Mostra inglesa. Aberta no dia 11, a primeira individual de Alfredo Volpi em Londres, na galeria Cecilia Brunson Projects, reúne 32 pinturas que sintetizam sua trajetória, desde as telas figurativas dos anos 1940 aos trabalhos dos anos 1980, último período de sua extensa produção (mais de 2.600 obras). Uma iniciativa da galeria inglesa em associação com a galeria paulistana Almeida e Dale, a exposição Alfredo Volpi: At the Crossroads of Brazilian Modern Art tem curadoria do crítico anglo-brasileiro Michael Asbury, também autor do texto do catálogo que acompanha a mostra, em cartaz até 29 de julho.
Asbury, ao especular a razão de Herbert Read ter se interessado e defendido a premiação da Volpi na 2ª. Bienal de São Paulo, em 1953, dividindo o prêmio com Di Cavalcanti, imagina que o crítico inglês o tenha associado ao pintor naïf Alfred Wallis (1855-1942), descoberto por Ben Nicholson em 1928, em Cornish, uma aldeia de pescadores.
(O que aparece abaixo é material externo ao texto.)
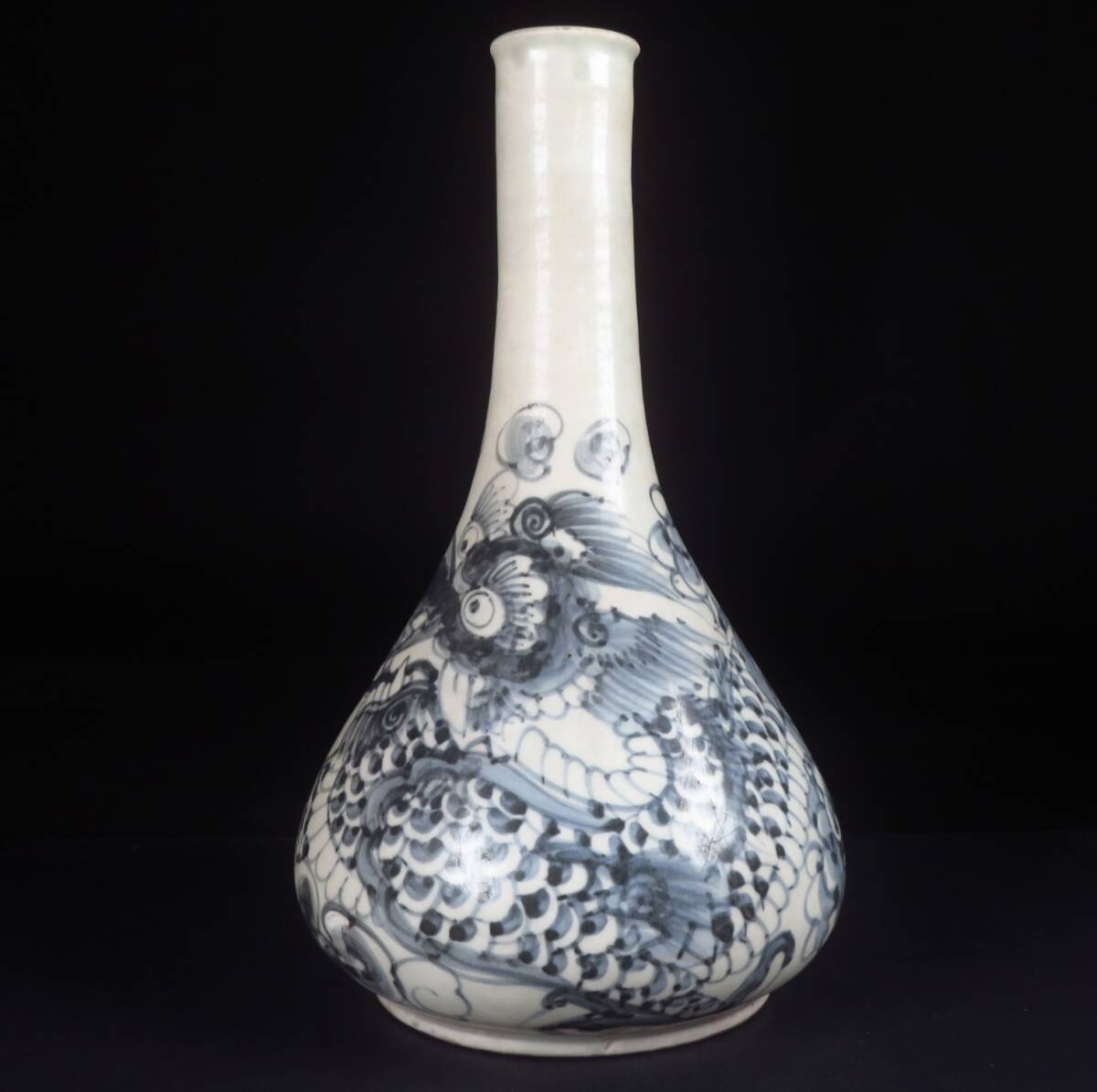 【SAKURAYA】コレクター委託品【李朝 染付雲龍文長頸瓶】青花 花瓶 壷 時代物 朝鮮古美術 朝鮮古陶磁 高麗 韓国 骨董品 古美術品 高さ28cm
Pode ser, embora o próprio Asbury considere reducionista a comparação de Wallis com Volpi.
Parece evidente que Volpi nunca foi naïf. Um texto do crítico Mário Pedrosa, publicado em 1957 e reproduzido no catálogo, afirma, de modo categórico, que Volpi não era “ingênuo” nem “primitivo”, mas um homem simples com “humildade artesanal” e “profunda sabedoria pictórica”. Pedrosa lembra como Volpi corria atrás de informações que não teve na escola, ao viajar até Pádua para ver as pinturas de Giotto na Cappella degli Scrovegni, ou até a Toscana para ver os afrescos de Piero della Francesca em Arezzo.
O curador Asbury cita dois críticos atuantes no Brasil, Rodrigo Naves e Lorenzo Mammì, para mostrar que Volpi também teve contato com eventos históricos do modernismo brasileiro – ele esteve na polêmica mostra expressionista de Anita Malfatti, em 1917, além de ter sido influenciado por Goeldi.